June 25, 2017 (Sunday)

by Yule Heibel on June 24, 2018

That irritating moment when you realize you’ve forgotten what you think was an absolutely brilliant idea you had, which you were going to write down but didn’t because you foolishly thought you would remember… Whatever the idea was, it wasn’t about going to the Wenham Museum yesterday for a birthday celebration of Bennett (“Ben”) Merry, Jr., although that too was most interesting.

Ben Merry has been the founding force behind the museum’s extensive model train collection, and yesterday was his 90th birthday. The demographic was mostly older people, especially older men (model train aficionados), although, astonishingly, a young girl stood out, barely seven years old I would say, and a devotee of model trains and train making.

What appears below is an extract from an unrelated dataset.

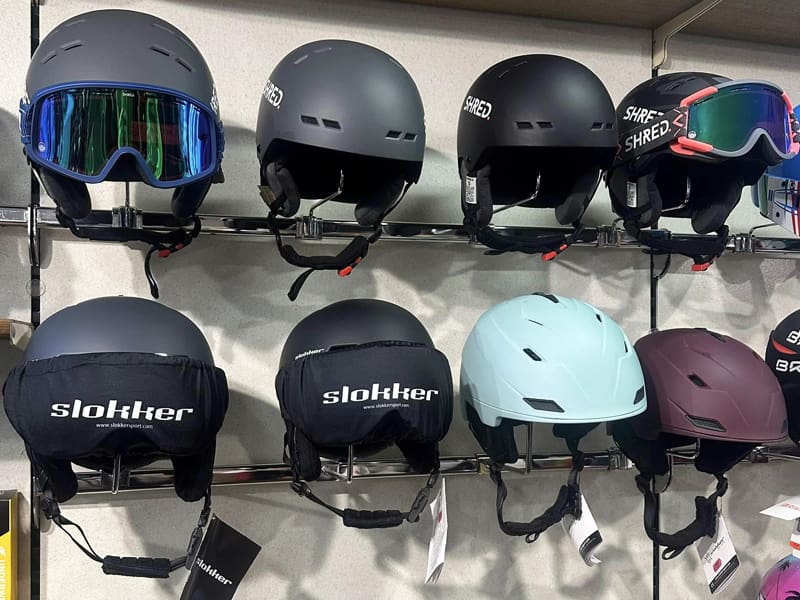 Skiverhuur winkel SPORT 2000 Azzurra Sport in Riedstrasse 10, Zermatt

The festivities consisted mostly of speakers honoring Ben’s life and work – he taught electrical engineering at the college level, also math at middle school. His wife of over 65 years was there, equally hale as he. Another guest and close friend was Beverly’s oldest living World War II veteran, Hardy Prince (obviously of the extensive Prince and Ober clans, and Hardy, with which this area once abounded). He is 98 years old, not a patch on him. When Ben, speaking at the podium, pointed him out, he sprang up (really!) from his seat, not using his arms or hands, just his clearly still strong leg muscles and core. Just bounced up. Furthermore, he’s “all there,” sharp as anything. His son was there, too, a retired fighter pilot. Strong people.

It was a pretty good cross-section of a white America that used to be standard issue, but has worn away. This generation tended to stay put; if anyone moved even five miles from their birth town, it was a big deal. They were and are veterans of a winning side, and proud. Their kids in general didn’t lose their minds to idiotic popular culture, perhaps not least because they were forced into every single school sport on offer. Yet even sport has changed now, since their day. It, too, is infiltrated with super-stardom, nonsense pop-and-consumer culture (celebrity-endorsed logos and branding on all the gear), and adumbrated if not eclipsed by a plethora of rules and regulations. Those men and women at yesterday’s event didn’t have to play by these new rules, and they didn’t think it was incumbent on them to “game” life. You lived life by doing the right thing.